FidoNet was obsoleted because SMTP email was much faster, but SMTP is now so fast in most cases that it really can't get any faster. So there's no pressure to replace SMTP with something faster.
VoIP isn't like FidoNet. VoIP is already almost as good as the traditional phone network, so there'll be no need to replace it with something better.
Let's see, there's already Vonage, Packet8, and iConnectHere. Can Michael Robertson beat them on price?
Sure, Pingtel phones which each cost as much as a computer have been around for a while, but these phones are finally cheap enough to go mainstream.
What's a WEP? These phones aren't wireless; they use Ethernet.
Most SIP phones allow you to dial an IP address directly; it just isn't very convenient.
What would really be cool is if phones would PARTICIPATE in the Internet Protocol as routers instead of just soaking off it as leaf nodes.
Uh, no. That makes the phones more expensive and makes their performance less predictable.
Vonage uses the Cisco ATA. If you want one "unencumbered", call Cisco and order it. Similar boxes are made by 8x8 and D-Link.
$60 vs. $600 makes a difference.
Yes, that solution is called Packet8, Vonage, or iConnectHere.

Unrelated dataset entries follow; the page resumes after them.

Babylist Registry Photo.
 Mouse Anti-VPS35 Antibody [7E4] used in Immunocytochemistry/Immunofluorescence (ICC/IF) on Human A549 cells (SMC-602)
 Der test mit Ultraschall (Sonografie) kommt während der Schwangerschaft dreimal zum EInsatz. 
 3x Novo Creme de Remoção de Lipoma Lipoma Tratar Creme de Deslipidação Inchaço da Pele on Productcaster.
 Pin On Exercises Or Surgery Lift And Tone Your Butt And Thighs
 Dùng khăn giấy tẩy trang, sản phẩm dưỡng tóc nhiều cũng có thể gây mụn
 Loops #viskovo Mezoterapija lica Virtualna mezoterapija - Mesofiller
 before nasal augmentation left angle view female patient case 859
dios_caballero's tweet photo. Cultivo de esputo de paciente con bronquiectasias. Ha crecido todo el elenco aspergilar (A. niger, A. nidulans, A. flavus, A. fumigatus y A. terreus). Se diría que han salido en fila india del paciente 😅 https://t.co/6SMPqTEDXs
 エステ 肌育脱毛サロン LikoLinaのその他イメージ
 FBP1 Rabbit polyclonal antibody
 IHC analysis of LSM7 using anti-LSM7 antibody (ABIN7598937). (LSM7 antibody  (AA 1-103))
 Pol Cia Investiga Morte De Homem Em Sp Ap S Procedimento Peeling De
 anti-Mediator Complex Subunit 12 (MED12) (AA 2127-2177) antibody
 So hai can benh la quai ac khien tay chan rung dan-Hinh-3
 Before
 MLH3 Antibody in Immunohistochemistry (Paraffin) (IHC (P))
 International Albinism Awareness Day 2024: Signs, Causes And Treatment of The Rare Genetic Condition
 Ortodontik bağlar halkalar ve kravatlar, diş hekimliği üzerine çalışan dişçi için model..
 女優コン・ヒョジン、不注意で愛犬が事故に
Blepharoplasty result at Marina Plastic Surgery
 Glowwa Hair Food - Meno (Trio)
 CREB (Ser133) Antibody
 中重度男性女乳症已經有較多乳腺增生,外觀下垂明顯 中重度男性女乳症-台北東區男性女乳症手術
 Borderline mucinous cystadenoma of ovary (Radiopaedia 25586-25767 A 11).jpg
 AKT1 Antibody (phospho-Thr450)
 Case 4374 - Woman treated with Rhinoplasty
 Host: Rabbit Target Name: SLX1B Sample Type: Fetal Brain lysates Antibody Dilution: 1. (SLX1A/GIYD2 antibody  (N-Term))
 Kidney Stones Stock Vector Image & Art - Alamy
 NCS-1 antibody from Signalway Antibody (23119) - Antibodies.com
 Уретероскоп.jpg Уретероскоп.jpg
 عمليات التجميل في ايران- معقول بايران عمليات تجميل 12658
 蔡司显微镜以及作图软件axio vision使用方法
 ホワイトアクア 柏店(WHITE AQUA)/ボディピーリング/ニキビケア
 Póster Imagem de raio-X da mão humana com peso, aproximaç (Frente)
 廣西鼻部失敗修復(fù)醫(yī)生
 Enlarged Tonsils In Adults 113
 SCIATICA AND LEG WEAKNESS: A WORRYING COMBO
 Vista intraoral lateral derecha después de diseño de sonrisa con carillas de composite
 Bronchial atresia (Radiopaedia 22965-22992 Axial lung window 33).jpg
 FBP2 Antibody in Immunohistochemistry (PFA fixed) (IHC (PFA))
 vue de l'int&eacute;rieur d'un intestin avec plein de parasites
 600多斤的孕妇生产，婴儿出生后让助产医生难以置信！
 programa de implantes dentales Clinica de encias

Oh, and I totally don't believe that you really regularly use MPEG4IP for volume compression. I mean, the TOOLS are there, but you have to go through like five different command line steps to make a file. It can produce fine results (it uses Xvid), but MPEG4IP is really like LAME - it's not meant as an end-use tool in and of itself.
No disagreement there. I use a Mac, so I can just use QT Pro or OpenShiiva for encoding.
My point was that in an open source/open standard system you at least have a chance of encoding on minority platforms. With binary-only Real codecs you are out of luck if they don't support your platform.
mpeg4ip for encoding, Darwin Streaming Server for serving, VLC/MPlayer/Helix/mpeg4ip for playing.
Based on the first two responses to this post, you'd think people had never heard of inertial navigation. With MEMS accelerometers it ought to be pretty light, too.